Las cosas no están mucho mejor en Texas, en donde un juez afroamericano también recibió amenazas de muerte de los conservadores que están en contra de los cierres.

¿Y cuál fue su pecado?  Encarcelar a alguien que violó la ley, la dueña de un salón de belleza en Dallas, quien abrió su establecimiento desafiando la orden de “quedarse en casa”, porque dijo que tenía que alimentar a su familia.

Qué grandiosa excusa. Recuerden eso la próxima vez que un afroamericano o un latino sea arrestado por robar mercancías en el supermercado porque tienen que alimentar a su familia.

Y en esta semana, en mi ciudad natal de Fresno, California, una multitud abrumadoramente anglosajona se dirigió directamente a la casa del funcionario al que culpan de girar la orden de quedarse en casa de esa ciudad.

No es el alcalde republicano, ni el encargado de la ciudad ni el jefe de la policía. Sino el presidente del Consejo de la Ciudad, quien resulta que es demócrata y latino. Es divertido cómo funciona eso.

El consejal Miguel Arias me dijo que algunas personas de ese grupo de manifestantes usaban cachuchas que decían “Hacer que Estados Unidos sea grande nuevamente”.

Comentó que le lanzaron insultos raciales mientras el trató de alejarlos de su propiedad para proteger a sus dos hijos, quienes estaban durmiendo dentro de su vivienda.

El incidente fue videograbado y difundido a través de las redes sociales de los nacionalistas anglosajones.  Arias recibió “cientos” de amenazas de muerte de todo el país.

También recibió citatorios de la policía, ya que fue acusado de golpes, por haber empujado ligeramente a los manifestantes para alejarlos de la entrada de su casa.

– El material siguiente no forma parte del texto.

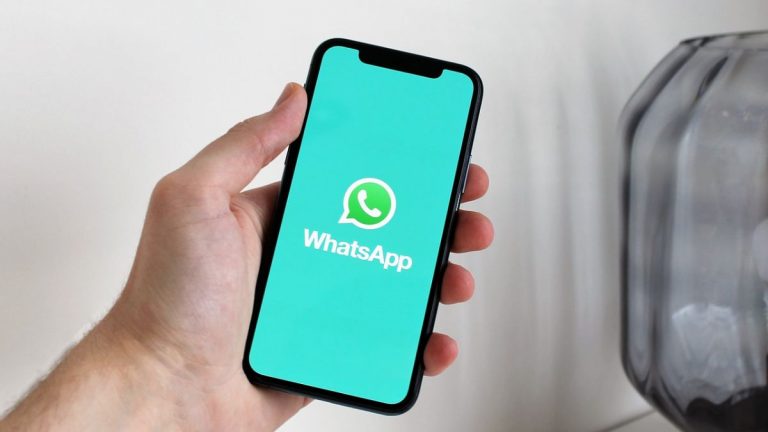 WhatsApp non funzionerà più su questi smartphone, ecco da quando e i dispositivi interessati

Si yo hubiera tenido que proteger a mis hijos, yo hubiera hecho algo más que empujarlos.

La mayoría de esa torpe conversación de la derecha, desde respetar la ley a rebelarse en contra de la autoridad, se deriva del hecho de que algunos conservadores le tienen más consideración al comercio que a los demás seres humanos.

Están ansiosos por reabrir los negocios y volver a ganar dinero. Tal vez puedan usar parte de esas ganancias para pagar sus propios costos médicos en algún momento, ya que están tratando de aferrarse a su salud, que es lo que en esta crisis están poniendo en riesgo de una manera tan descuidada.

Desafortunadamente para ellos, el dinero y la medicina no podrá arreglar sus almas defectuosas.